## [EXERCISE DIRECTIONS]
Your answer should be the lines below from the one with "Taburete Reciclado Resistente" to the one with "LOUIS VUITTON Monogram", both included, given again exactly and with nothing added.

● ● ● ● ● ● ●

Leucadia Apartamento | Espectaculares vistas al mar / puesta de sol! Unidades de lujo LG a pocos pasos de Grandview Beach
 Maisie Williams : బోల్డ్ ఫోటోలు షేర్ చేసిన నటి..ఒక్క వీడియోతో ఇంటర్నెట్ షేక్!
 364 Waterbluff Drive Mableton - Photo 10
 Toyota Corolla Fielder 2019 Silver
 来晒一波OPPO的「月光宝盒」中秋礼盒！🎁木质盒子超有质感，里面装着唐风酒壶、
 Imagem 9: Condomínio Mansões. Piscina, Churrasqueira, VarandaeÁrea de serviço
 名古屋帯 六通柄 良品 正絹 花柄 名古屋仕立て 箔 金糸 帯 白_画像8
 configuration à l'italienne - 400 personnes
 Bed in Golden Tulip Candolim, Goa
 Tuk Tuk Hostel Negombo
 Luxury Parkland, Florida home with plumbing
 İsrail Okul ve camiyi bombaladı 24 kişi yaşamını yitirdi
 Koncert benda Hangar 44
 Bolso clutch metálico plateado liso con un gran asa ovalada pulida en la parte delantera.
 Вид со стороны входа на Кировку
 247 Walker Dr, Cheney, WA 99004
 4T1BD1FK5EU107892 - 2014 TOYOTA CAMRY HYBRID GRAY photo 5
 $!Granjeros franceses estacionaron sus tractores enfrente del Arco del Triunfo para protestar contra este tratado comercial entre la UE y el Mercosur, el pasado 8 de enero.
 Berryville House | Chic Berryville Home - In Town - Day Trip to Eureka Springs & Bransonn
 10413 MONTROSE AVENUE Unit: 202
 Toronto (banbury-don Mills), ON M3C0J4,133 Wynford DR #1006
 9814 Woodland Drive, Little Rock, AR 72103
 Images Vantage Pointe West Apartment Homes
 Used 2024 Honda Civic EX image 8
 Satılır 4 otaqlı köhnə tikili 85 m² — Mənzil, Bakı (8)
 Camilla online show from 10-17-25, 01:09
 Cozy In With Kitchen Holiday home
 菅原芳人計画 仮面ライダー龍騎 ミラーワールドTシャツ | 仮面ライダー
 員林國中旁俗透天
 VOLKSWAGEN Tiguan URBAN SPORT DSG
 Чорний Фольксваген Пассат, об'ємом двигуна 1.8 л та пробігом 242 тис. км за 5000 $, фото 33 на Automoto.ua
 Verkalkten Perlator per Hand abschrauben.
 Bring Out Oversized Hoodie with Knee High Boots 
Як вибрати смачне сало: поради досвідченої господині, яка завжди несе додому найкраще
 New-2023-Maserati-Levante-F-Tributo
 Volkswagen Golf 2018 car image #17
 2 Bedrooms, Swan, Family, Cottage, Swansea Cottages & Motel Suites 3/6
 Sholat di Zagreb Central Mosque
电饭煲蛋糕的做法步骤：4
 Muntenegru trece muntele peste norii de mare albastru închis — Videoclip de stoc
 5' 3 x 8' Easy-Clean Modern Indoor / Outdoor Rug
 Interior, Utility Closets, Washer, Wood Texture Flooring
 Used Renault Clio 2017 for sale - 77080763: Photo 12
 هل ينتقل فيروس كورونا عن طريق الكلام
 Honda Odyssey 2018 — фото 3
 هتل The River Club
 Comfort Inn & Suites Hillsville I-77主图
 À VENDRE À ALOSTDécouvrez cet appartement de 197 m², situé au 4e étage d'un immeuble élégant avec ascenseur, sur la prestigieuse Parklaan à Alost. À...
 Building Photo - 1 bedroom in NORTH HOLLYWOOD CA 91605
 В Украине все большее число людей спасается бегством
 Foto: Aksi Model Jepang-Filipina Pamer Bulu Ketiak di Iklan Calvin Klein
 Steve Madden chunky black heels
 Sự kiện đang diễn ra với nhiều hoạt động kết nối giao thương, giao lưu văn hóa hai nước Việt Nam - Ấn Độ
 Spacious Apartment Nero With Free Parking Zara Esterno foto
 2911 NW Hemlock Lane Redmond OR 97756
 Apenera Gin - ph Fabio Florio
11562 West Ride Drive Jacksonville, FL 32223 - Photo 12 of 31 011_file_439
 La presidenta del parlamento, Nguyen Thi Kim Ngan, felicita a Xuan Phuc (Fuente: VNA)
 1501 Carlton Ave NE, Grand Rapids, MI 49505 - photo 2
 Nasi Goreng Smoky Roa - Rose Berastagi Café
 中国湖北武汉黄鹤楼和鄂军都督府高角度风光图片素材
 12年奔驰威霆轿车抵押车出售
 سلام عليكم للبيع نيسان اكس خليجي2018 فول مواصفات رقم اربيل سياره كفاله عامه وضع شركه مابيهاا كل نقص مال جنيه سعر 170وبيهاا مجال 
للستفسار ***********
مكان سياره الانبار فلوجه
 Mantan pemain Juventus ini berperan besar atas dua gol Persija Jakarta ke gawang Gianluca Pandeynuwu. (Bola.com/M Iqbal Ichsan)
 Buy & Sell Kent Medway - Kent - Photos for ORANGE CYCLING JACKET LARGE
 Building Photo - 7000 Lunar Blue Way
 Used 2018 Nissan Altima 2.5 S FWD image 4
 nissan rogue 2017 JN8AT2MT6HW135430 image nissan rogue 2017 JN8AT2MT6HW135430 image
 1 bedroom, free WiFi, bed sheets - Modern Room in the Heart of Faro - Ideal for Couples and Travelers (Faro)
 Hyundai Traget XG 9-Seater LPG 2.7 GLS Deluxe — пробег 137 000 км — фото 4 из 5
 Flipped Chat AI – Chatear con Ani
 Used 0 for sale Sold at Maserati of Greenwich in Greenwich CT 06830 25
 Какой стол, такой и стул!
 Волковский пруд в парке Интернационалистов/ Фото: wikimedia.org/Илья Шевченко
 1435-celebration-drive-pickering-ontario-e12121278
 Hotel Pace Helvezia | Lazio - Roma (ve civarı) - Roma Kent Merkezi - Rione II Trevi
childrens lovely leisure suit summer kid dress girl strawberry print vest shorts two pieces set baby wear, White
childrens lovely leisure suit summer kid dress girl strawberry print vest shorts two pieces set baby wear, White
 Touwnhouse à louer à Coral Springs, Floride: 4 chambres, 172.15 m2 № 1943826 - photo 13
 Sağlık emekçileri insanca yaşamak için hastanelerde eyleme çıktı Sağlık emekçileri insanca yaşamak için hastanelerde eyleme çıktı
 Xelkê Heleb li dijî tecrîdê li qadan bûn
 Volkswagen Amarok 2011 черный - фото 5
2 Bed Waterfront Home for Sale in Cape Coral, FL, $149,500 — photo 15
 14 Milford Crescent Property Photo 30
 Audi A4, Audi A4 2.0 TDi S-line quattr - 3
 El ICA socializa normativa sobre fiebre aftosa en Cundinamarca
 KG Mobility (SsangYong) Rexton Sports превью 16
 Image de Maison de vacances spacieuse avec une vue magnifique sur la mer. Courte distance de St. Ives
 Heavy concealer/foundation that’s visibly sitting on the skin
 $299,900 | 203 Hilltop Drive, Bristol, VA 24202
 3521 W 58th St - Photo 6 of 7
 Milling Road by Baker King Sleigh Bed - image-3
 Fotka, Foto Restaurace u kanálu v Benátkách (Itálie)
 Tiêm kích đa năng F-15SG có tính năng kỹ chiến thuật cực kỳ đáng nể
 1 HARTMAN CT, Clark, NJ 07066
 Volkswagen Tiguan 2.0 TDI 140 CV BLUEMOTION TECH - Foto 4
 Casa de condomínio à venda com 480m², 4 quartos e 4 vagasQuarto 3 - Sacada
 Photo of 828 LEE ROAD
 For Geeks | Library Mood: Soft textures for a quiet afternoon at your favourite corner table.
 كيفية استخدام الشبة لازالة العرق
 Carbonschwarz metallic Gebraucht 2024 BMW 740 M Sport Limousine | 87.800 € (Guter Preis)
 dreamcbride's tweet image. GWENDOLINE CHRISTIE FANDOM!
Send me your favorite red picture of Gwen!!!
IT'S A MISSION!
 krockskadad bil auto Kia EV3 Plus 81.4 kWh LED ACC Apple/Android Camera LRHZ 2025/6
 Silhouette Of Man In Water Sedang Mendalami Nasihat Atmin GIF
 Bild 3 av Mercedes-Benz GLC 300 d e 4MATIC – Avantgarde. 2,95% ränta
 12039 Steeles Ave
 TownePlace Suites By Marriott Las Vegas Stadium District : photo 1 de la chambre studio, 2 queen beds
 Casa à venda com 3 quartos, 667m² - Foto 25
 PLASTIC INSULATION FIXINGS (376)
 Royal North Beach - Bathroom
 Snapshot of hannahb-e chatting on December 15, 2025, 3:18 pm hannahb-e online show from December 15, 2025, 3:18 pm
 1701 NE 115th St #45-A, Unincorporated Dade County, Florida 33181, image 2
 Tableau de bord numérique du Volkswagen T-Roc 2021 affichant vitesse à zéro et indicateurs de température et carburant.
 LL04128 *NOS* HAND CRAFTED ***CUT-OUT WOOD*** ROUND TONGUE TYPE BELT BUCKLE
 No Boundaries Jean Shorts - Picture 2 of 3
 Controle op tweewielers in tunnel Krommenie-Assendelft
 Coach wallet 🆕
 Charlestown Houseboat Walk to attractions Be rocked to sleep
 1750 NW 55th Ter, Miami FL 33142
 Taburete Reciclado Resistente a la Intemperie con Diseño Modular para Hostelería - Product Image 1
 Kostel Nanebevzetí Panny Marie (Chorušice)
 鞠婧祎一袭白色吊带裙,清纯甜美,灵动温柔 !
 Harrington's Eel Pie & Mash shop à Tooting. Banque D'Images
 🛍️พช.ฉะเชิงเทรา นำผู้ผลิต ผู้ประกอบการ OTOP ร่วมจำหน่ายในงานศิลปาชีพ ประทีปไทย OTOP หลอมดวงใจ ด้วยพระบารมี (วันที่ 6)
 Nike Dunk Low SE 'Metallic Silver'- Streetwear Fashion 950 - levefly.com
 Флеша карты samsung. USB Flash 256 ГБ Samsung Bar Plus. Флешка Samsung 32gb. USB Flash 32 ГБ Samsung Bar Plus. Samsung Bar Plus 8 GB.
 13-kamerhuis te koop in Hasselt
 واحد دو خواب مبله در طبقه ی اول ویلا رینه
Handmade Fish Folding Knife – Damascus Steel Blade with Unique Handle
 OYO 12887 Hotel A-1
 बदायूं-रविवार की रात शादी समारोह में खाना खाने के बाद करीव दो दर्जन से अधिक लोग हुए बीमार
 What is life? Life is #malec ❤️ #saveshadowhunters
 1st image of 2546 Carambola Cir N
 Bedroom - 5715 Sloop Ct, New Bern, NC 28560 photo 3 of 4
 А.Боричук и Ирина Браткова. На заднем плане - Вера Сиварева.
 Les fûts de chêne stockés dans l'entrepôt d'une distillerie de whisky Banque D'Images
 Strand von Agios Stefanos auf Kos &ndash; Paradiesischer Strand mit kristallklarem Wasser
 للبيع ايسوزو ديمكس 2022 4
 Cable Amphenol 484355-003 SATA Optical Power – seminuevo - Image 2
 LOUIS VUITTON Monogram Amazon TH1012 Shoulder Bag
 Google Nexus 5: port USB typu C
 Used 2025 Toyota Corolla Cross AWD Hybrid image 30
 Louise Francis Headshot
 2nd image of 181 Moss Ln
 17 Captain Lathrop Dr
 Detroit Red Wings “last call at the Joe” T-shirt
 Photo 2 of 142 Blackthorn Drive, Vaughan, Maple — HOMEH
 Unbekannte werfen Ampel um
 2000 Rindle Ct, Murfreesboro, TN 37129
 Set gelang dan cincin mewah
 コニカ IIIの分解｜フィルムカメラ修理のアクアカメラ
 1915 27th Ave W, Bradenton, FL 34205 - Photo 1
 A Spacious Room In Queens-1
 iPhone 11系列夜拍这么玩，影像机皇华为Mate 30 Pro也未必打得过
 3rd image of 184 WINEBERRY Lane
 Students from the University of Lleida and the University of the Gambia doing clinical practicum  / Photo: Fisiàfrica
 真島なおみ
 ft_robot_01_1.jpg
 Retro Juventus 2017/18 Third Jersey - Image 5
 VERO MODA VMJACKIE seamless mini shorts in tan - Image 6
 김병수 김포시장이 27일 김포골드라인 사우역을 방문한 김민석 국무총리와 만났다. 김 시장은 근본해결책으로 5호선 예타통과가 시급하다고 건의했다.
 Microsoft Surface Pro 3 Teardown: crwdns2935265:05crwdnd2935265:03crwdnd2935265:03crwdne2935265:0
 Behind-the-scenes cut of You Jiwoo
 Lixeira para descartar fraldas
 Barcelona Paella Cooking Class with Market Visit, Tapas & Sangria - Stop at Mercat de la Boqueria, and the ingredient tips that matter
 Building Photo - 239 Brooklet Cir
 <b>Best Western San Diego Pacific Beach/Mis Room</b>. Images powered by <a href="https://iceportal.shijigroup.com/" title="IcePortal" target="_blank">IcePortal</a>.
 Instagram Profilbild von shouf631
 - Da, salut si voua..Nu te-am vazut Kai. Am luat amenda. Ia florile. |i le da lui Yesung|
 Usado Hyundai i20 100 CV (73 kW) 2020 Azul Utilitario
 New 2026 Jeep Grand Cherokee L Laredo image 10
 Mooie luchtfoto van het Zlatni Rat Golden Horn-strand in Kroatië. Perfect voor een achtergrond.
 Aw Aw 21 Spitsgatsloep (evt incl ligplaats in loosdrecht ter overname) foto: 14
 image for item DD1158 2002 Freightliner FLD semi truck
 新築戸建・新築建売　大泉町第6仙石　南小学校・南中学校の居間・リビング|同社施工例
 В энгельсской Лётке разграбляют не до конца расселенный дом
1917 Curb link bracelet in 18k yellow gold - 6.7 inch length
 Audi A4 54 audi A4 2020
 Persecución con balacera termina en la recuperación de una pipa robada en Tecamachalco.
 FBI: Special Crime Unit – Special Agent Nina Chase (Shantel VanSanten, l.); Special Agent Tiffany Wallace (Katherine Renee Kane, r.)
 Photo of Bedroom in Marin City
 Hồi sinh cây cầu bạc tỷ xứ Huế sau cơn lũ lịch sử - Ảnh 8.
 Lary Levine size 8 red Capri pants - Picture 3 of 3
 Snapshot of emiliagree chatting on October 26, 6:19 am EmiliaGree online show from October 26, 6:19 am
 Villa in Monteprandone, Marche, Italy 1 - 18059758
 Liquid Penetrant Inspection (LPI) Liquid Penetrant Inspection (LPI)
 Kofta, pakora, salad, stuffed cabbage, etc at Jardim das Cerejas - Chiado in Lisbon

● ● ● ● ● ● ●

## [PROBLEM SOLUTION]
 Taburete Reciclado Resistente a la Intemperie con Diseño Modular para Hostelería - Product Image 1
 Kostel Nanebevzetí Panny Marie (Chorušice)
 鞠婧祎一袭白色吊带裙,清纯甜美,灵动温柔 !
 Harrington's Eel Pie & Mash shop à Tooting. Banque D'Images
 🛍️พช.ฉะเชิงเทรา นำผู้ผลิต ผู้ประกอบการ OTOP ร่วมจำหน่ายในงานศิลปาชีพ ประทีปไทย OTOP หลอมดวงใจ ด้วยพระบารมี (วันที่ 6)
 Nike Dunk Low SE 'Metallic Silver'- Streetwear Fashion 950 - levefly.com
 Флеша карты samsung. USB Flash 256 ГБ Samsung Bar Plus. Флешка Samsung 32gb. USB Flash 32 ГБ Samsung Bar Plus. Samsung Bar Plus 8 GB.
 13-kamerhuis te koop in Hasselt
 واحد دو خواب مبله در طبقه ی اول ویلا رینه
Handmade Fish Folding Knife – Damascus Steel Blade with Unique Handle
 OYO 12887 Hotel A-1
 बदायूं-रविवार की रात शादी समारोह में खाना खाने के बाद करीव दो दर्जन से अधिक लोग हुए बीमार
 What is life? Life is #malec ❤️ #saveshadowhunters
 1st image of 2546 Carambola Cir N
 Bedroom - 5715 Sloop Ct, New Bern, NC 28560 photo 3 of 4
 А.Боричук и Ирина Браткова. На заднем плане - Вера Сиварева.
 Les fûts de chêne stockés dans l'entrepôt d'une distillerie de whisky Banque D'Images
 Strand von Agios Stefanos auf Kos &ndash; Paradiesischer Strand mit kristallklarem Wasser
 للبيع ايسوزو ديمكس 2022 4
 Cable Amphenol 484355-003 SATA Optical Power – seminuevo - Image 2
 LOUIS VUITTON Monogram Amazon TH1012 Shoulder Bag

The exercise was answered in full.